Sunday, October 21, 2007

Festivus is still 2 months away, but I'm still airing grievances.

OK, I'm gonna vent here... and I just don't care.

Boston: you do not fucking deserve this. Your team is full of assholes. Your ace is an asshole. Your cleanup hitter is an asshole. Your rookie of the year is an asshole. Every member of your $100 million dollar overseas investment's media entourage is an asshole. Your bought-and-paid-for Media Relations wing in Bristol, CT, is a campus full of assholes. Assholes the whole lot.

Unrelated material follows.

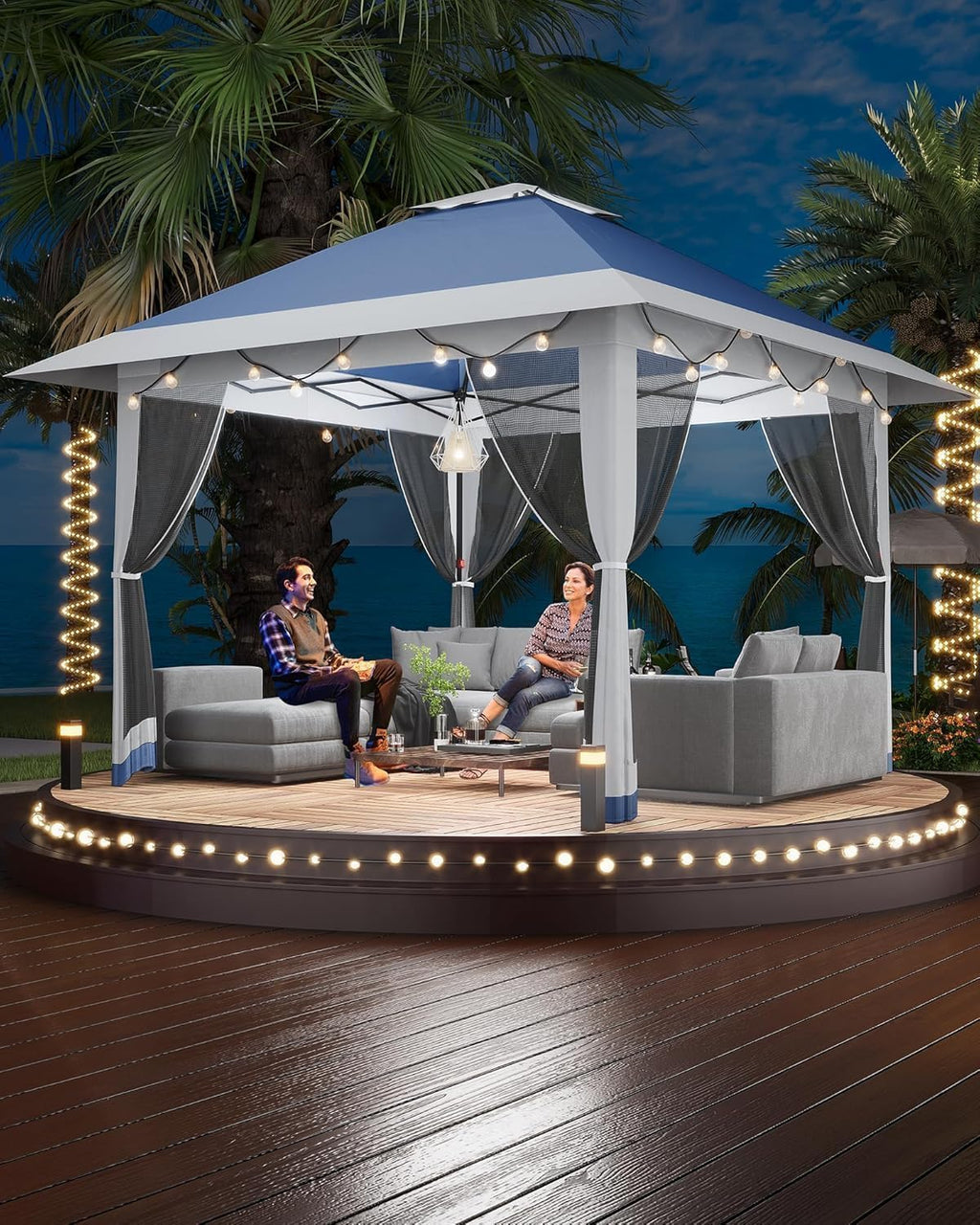 Pop Up Gazebo with Mosquito Netting - 13x13ft Canopy with Mosquito Net,Portable Instant & UV-Resistant Waterproof Gazebo Canopy for Backyard, Garden, Camping (Adjustable Height)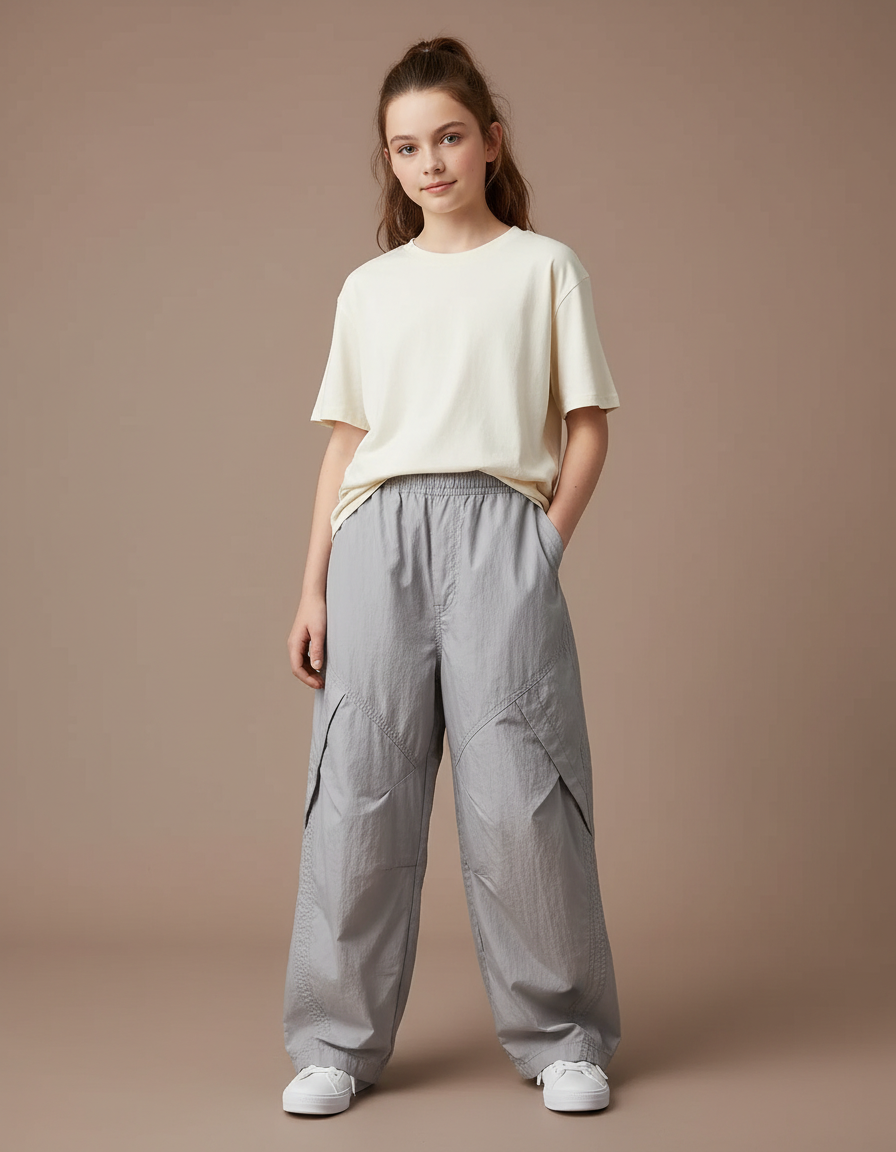 Pantalon Cargo Gris Ample Léger Enfant Décontracté - Polyester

Your fans certainly do not fucking deserve this. With absolutely no due respect to The Ghost, who is somehow a Red Sox fan despite living in Ohio his entire life, your fans are the biggest assholes upon the landscape of Major League Baseball--and yes, I am counting Yankees fans. At least Yankees fans understand who and what they are. They are the jerks who outspend everyone and expect to win the World Series every year. They make no secrets about this. Boston fans, however, act like they are the little scrappy underdog team with a shoestring budget that everyone always writes off. It's always Red Sox vs. the world in Boston. To hell with that shit. This year you outspent everyone but the Yankees in order to create a hulking pulsating lineup that was quite frankly one blown call from a second-base umpire from a long fucking night on Sunday.

I take that back, actually. It is Red Sox vs. the world, now. Why? Because everybody hates you smug douchelickers. We all hope you get hit by a bus full of AIDS.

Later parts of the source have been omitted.